YOUR GOAL ▸
The response should repeat word for word every line below from the one with "Armoirette 138 cm" to the one with "Funda abatible para", inclusive, and nothing else; leave pictures out.

DATASET RECORDS ▸
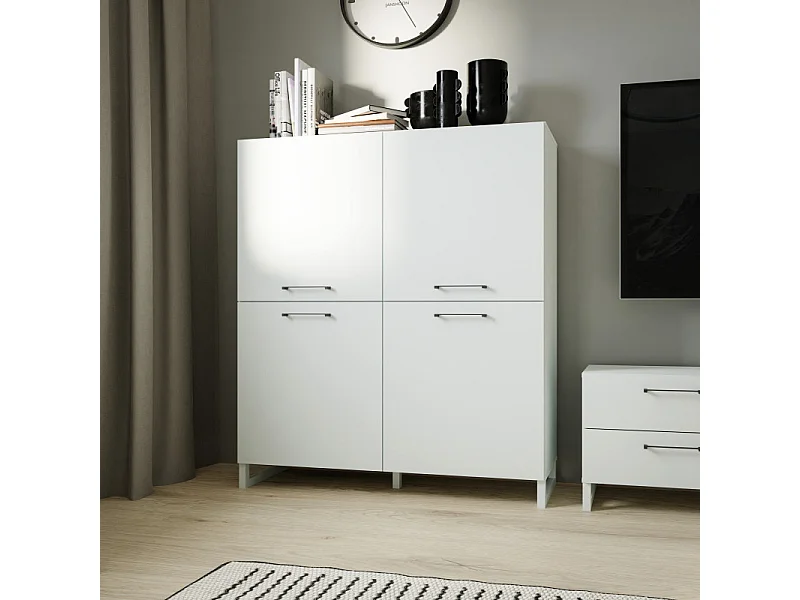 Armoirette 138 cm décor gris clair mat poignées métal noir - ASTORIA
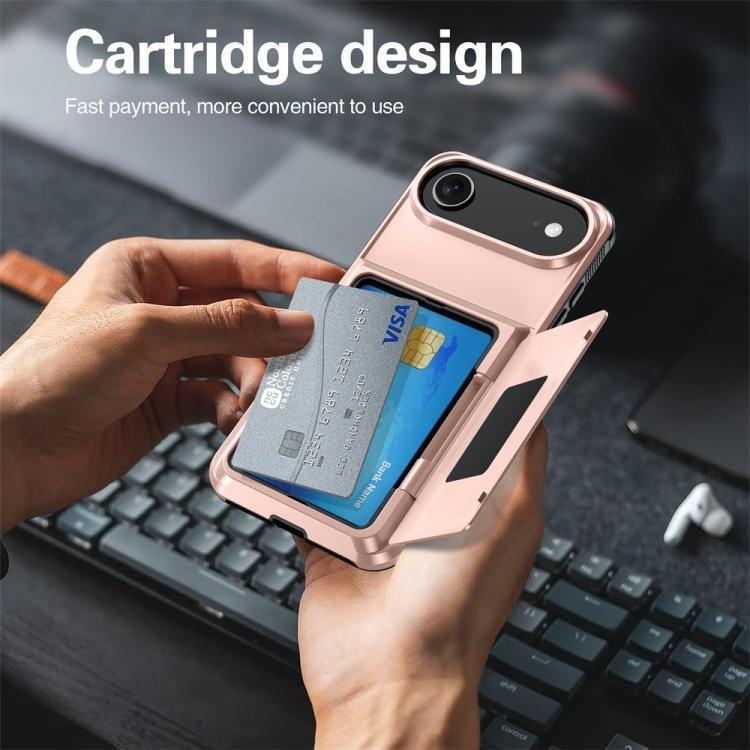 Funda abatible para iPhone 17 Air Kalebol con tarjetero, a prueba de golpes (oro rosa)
* * *
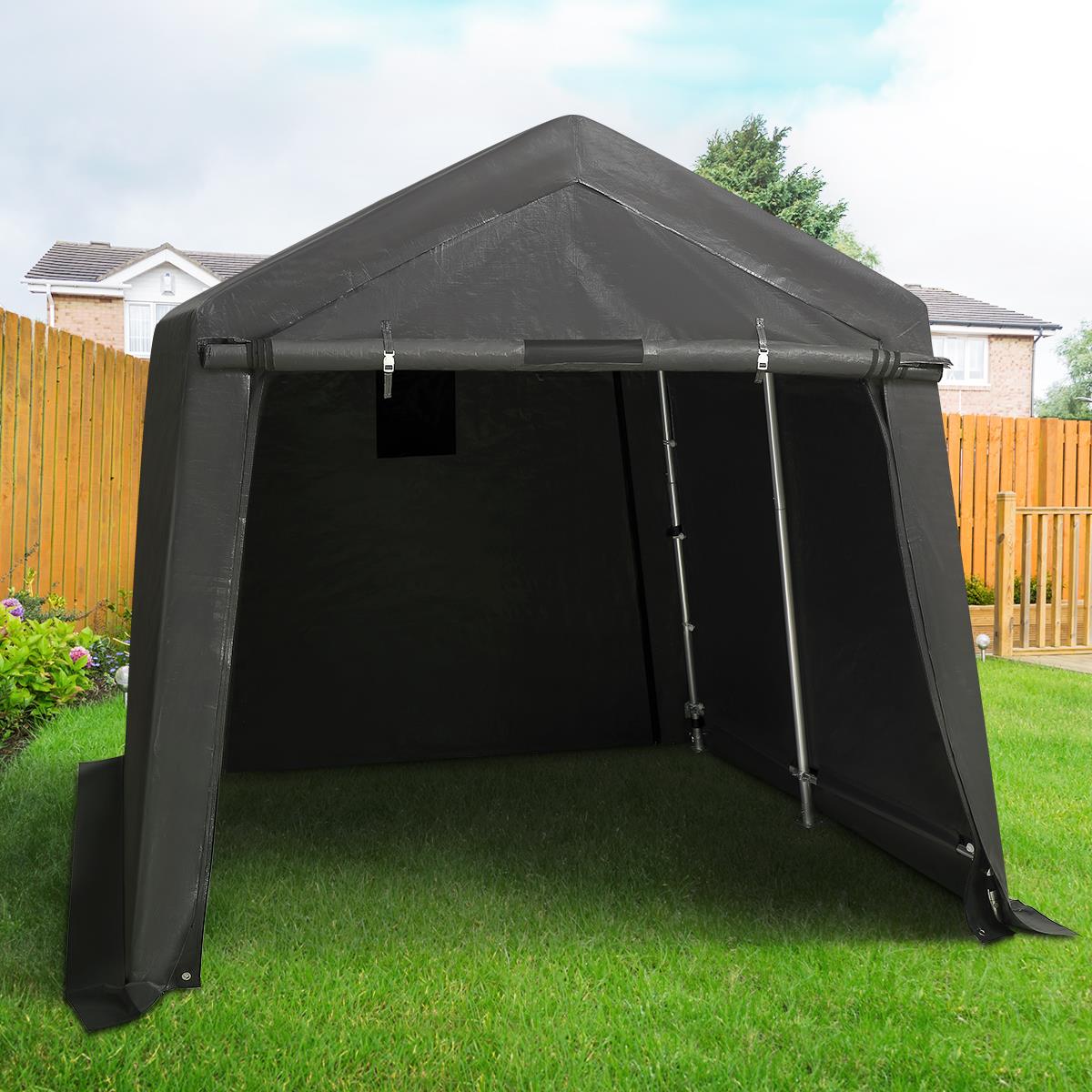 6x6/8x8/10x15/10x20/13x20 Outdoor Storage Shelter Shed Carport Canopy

THE COMPLETED TASK ▸
 Armoirette 138 cm décor gris clair mat poignées métal noir - ASTORIA
 Funda abatible para iPhone 17 Air Kalebol con tarjetero, a prueba de golpes (oro rosa)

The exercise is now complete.